== Exercise ==
Exact copy, no pictures: return only the lines below from the line with "Hotel Arcobaleno Siena, hotel Sienában" up to and including the line with "27/02/2011 : 1ère".

== Records supplied ==
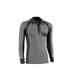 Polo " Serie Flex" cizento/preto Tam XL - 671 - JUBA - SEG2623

* * *

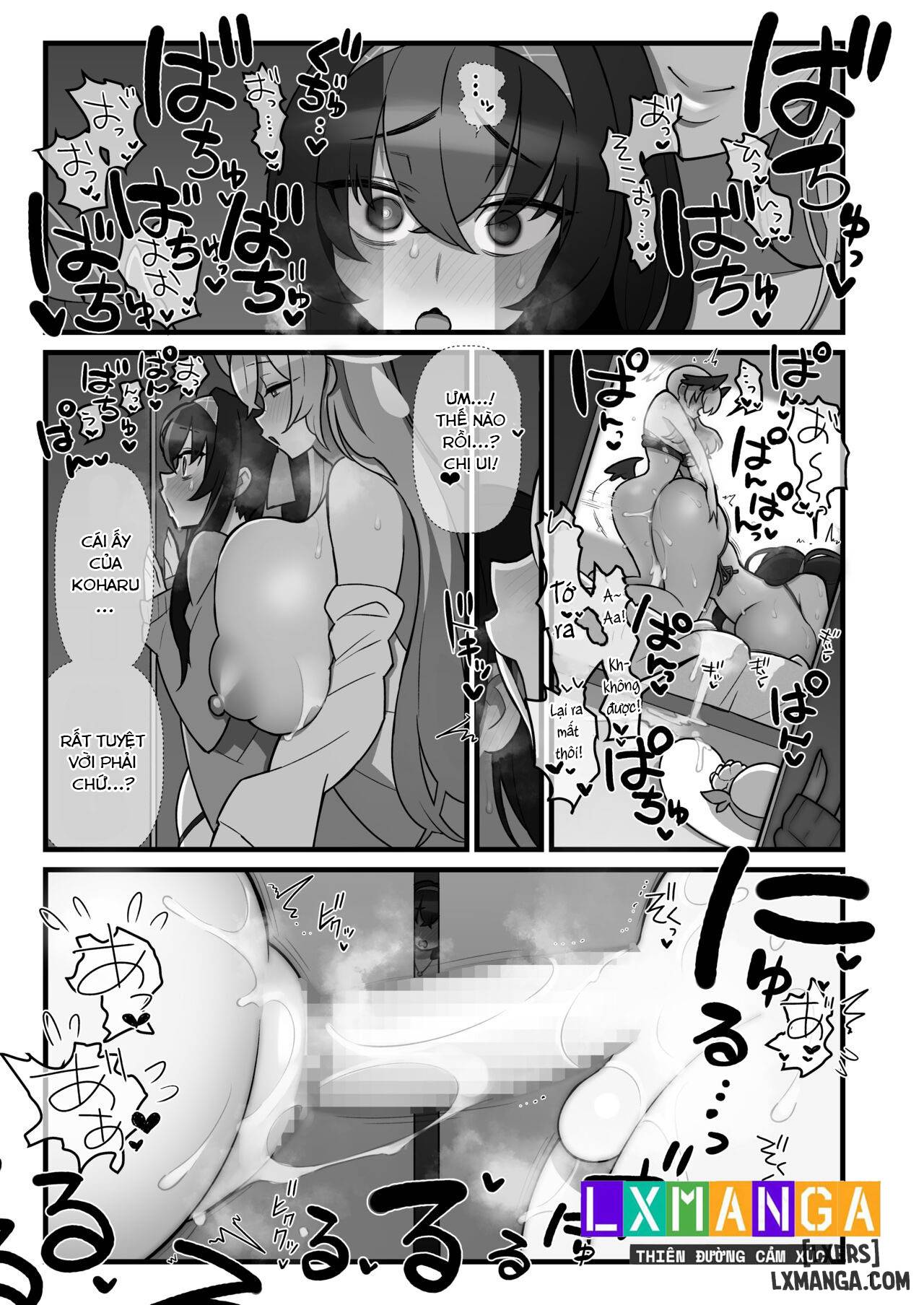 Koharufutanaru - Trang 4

---

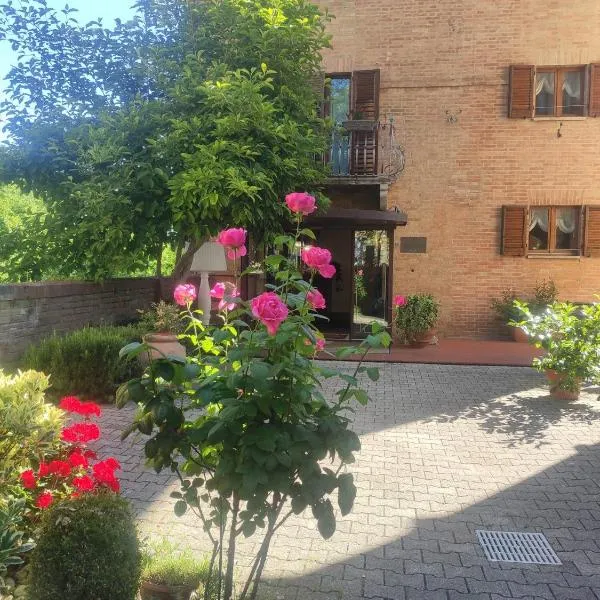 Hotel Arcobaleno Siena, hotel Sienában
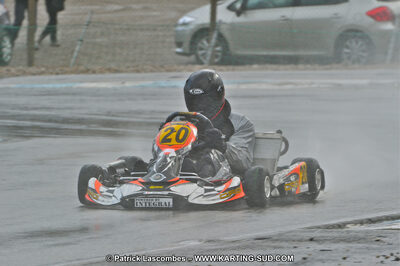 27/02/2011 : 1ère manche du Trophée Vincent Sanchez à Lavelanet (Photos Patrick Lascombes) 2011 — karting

== Exercise result ==
 Hotel Arcobaleno Siena, hotel Sienában
 27/02/2011 : 1ère manche du Trophée Vincent Sanchez à Lavelanet (Photos Patrick Lascombes) 2011 — karting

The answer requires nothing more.